Californians have long been upset to find fewer tax dollars enter their state than leave. It was once a big part of recalling their Governor and installing a Governator. Funding the great and failing center of our country, all while being told you are too "crunchy" and "granola" apparently gets tiresome! Citizens of the Bear Republic are now cleared to seek signatures supporting an amendment to the state constitution. The amendment would remove text both declaring California inseparable from the Union, and respecting the U.S. Constitution as the "supreme law of the land."
600,000 signatures and it goes to a public vote. California knows how to party.
More from the LA Times:
Supporters of the campaign for California to secede from the United States can now begin collecting the hundreds of thousands of signatures they need to get a proposed "Calexit" initiative on the ballot.
California Secretary of State Alex Padilla cleared the proposed initiative to begin collecting signatures on Thursday.

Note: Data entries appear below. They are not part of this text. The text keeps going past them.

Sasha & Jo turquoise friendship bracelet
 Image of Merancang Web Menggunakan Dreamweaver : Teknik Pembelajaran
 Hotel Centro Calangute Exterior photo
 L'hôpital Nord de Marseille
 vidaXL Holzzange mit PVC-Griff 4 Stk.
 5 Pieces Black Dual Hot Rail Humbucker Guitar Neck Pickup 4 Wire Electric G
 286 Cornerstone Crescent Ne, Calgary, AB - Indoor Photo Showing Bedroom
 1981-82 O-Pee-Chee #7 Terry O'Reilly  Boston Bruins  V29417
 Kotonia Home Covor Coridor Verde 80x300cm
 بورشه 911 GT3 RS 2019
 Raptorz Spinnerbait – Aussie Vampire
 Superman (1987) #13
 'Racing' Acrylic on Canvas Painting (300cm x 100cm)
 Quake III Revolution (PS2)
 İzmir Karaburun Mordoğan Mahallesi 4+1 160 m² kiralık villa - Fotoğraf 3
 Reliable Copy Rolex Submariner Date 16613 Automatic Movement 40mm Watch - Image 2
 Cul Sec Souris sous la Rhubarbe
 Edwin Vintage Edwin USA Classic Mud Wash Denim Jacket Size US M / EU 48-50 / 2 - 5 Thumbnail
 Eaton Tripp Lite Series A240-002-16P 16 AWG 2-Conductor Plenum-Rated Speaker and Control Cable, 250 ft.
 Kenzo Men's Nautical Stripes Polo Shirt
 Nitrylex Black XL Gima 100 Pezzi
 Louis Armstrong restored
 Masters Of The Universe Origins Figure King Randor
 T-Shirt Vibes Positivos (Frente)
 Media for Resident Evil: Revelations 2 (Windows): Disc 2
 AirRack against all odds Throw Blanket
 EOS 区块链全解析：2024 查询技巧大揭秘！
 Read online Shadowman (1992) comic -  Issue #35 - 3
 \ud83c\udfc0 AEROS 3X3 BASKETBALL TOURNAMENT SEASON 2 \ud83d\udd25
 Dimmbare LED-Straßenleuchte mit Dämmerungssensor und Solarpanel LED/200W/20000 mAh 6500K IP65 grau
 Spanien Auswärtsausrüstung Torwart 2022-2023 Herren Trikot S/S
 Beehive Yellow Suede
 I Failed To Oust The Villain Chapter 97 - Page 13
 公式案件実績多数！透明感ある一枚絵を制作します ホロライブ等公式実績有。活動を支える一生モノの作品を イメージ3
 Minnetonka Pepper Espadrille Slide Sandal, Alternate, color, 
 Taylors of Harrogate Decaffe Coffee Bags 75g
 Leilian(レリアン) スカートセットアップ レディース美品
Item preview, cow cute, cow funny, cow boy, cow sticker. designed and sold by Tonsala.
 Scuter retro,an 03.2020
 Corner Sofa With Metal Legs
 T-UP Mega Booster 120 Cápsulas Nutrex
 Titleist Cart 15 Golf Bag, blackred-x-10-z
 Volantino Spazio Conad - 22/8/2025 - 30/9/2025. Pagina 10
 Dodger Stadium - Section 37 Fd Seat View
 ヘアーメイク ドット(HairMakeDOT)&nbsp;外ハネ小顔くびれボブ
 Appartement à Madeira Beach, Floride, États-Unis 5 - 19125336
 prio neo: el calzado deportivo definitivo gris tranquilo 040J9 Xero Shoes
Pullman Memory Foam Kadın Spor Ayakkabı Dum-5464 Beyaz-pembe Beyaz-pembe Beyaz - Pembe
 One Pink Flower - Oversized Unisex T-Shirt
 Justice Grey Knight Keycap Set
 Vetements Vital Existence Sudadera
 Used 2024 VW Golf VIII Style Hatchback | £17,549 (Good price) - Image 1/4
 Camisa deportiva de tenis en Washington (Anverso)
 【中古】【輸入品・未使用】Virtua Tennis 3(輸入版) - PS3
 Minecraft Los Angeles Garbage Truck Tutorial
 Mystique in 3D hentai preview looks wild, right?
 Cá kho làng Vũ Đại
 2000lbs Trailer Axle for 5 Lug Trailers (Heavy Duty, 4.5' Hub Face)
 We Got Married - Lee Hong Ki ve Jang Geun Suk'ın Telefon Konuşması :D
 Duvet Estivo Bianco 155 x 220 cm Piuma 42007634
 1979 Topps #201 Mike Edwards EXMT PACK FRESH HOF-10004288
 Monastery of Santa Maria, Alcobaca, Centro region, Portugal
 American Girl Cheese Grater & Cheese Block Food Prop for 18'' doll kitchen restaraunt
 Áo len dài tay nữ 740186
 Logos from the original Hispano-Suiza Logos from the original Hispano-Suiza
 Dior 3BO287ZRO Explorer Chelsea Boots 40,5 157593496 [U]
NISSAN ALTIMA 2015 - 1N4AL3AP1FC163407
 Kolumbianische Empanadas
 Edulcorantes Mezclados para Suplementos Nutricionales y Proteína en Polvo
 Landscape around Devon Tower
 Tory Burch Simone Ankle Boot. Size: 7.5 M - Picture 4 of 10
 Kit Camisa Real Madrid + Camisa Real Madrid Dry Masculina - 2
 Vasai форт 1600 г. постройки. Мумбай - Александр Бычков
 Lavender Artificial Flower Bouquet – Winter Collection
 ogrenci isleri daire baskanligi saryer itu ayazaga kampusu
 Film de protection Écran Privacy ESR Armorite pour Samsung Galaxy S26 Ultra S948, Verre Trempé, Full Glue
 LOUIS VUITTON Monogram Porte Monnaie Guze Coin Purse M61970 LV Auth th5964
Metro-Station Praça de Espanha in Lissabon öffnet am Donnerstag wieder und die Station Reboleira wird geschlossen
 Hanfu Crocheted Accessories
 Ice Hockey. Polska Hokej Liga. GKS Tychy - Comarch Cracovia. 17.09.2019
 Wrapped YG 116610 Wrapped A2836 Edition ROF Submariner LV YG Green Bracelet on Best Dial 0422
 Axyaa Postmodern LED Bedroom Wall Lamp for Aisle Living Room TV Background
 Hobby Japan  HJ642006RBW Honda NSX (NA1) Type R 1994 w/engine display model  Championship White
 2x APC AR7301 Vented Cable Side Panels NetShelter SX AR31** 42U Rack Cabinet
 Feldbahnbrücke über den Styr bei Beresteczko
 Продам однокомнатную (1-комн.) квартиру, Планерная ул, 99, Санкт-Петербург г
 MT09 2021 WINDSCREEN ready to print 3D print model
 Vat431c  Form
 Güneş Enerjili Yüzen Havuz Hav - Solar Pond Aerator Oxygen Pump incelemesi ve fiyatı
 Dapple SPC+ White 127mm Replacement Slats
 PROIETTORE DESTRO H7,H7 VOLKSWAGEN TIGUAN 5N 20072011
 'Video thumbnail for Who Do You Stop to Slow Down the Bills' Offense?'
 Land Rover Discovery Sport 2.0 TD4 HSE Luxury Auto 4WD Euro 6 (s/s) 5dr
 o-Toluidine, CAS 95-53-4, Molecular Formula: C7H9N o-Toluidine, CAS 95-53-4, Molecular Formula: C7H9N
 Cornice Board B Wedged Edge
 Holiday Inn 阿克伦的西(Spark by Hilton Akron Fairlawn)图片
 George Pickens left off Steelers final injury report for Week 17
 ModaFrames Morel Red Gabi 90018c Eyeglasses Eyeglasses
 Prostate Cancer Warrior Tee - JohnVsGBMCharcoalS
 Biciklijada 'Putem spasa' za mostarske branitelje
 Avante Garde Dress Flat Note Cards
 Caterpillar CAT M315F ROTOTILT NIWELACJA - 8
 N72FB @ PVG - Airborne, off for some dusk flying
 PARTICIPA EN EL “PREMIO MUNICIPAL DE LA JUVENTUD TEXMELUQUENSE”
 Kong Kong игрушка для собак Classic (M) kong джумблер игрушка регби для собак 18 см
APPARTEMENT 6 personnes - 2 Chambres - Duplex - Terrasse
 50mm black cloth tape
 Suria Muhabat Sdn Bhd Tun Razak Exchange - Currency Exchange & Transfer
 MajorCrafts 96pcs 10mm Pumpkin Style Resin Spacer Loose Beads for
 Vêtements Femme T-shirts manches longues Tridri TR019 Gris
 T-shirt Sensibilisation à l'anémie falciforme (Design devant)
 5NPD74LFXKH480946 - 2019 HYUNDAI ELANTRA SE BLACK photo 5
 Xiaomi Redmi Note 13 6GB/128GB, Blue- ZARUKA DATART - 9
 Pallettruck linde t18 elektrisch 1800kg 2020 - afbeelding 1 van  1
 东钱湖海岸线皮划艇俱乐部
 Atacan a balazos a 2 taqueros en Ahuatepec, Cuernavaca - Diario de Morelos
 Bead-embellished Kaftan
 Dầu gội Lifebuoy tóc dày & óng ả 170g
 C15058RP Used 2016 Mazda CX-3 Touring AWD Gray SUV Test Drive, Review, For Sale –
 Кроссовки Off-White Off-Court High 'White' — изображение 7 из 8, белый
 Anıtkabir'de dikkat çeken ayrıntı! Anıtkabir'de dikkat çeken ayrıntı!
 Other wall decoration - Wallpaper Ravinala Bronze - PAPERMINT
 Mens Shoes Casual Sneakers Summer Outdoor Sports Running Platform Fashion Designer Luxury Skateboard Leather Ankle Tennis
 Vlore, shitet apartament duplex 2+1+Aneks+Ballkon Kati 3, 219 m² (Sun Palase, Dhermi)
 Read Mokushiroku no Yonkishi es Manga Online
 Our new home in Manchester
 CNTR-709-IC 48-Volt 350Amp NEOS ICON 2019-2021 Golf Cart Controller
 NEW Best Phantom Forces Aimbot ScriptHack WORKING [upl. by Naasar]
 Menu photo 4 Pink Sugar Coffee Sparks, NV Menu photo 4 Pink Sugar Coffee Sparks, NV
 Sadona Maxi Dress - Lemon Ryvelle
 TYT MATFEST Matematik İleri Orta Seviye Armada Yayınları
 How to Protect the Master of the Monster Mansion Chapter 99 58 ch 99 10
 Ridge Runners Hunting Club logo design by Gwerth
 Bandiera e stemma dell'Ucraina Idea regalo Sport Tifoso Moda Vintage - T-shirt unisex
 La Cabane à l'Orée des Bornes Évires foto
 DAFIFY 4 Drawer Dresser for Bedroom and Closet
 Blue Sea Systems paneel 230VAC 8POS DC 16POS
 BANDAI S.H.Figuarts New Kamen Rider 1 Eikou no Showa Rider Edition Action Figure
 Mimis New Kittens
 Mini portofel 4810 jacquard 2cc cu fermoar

If the measure gets on the ballot and gains approval by a majority of voters, it would repeal clauses in the California Constitution stating that the state is an "inseparable part of the United States" and that the U.S. Constitution is the "supreme law of the land," according to the title and summary prepared by the state attorney general's office.
The measure would place another question on the ballot in 2019, asking whether California should become a separate country. If at least half of registered voters participate in that vote, with at least 55% of those voting to approve, the results would be treated as California's declaration of independence.
The current measure's fiscal effect is "dependent on various factors," writes the state's nonpartisan legislative analyst, and if it succeeds would result in "major, but unknown budgetary impacts."
The proposal's backers, known as Yes California, have argued that the state is culturally out of step with the rest of the U.S. and that California pays more money to the federal government than it receives in spending. The election of President Trump has only strengthened their argument, they say.
"California loses [by] being a part of America culturally and financially," said Marcus Ruiz Evans, one of the group's founders. "It could be a nation all its own, everybody knows that. The only question is if they want to break off."